Have you noticed more cashews in your American Airlines nut mix?

American Airlines has temporarily upped its first class cashew ratio. Photo: Chris Hoare/Flickr (Creative Commons)

American Airlines has temporarily upped its first class cashew ratio. Photo: Chris Hoare/Flickr (Creative Commons)

Do you often fly in American Airlines first class? Have you noticed the composition of the airline's nut mix has changed recently?

You have not been hallucinating. In a newsletter to employees this week, Hector Adler, vice president for flight service, said the airline had altered its nut composition in response to fluctuations in the global nut market. [I'm not making this up.]

"Our passengers are very astute," Adler said. "It’s true that there have been more cashews in the mix.

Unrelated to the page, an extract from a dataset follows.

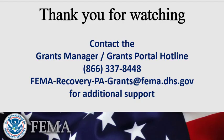To learn more about Grants Portal, FEMA offers other classes, webinars, and manuals. You can also contact the Grants Manager and Portal Hotline at 866-337-8448 or email fema-recovery-pa-grants at fema.dhs.gov for additional support.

Nuts are a commodity and are subject to forces of supply and demand, and earlier this year almond prices were on the rise, resulting in a larger percentage of cashews in the ramekins." 

But you should not get too comfortable with the new mix.

"The market has now shifted and we will be able to serve a new blend with more almonds and pecans, and fewer cashews, starting early next year," Adler said. 

In other news, American told employees it may eventually move to a cashless cabin on its regional jets. Almost all airlines only take credit cards now, but American Eagle flights still take cash. I recently flew American Eagle for the first time in years, and I was shocked when the flight attendant would not take my credit card. 

"Adding cashless cabin to our regional partners is something we’ll take a closer look at in 2016," Kenji Hashimoto, senior vice president for regional carriers, told employees. "In the past, the costs were seen as prohibitive."

Previously, American may been OK with different policies for American Eagle, but increasingly larger airlines want travelers to have a similar travel experience whether they fly on small jets or or big ones. 

"We’re doing and investing more to make the transition from regional to mainline flights more seamless for customers," Hashimoto said.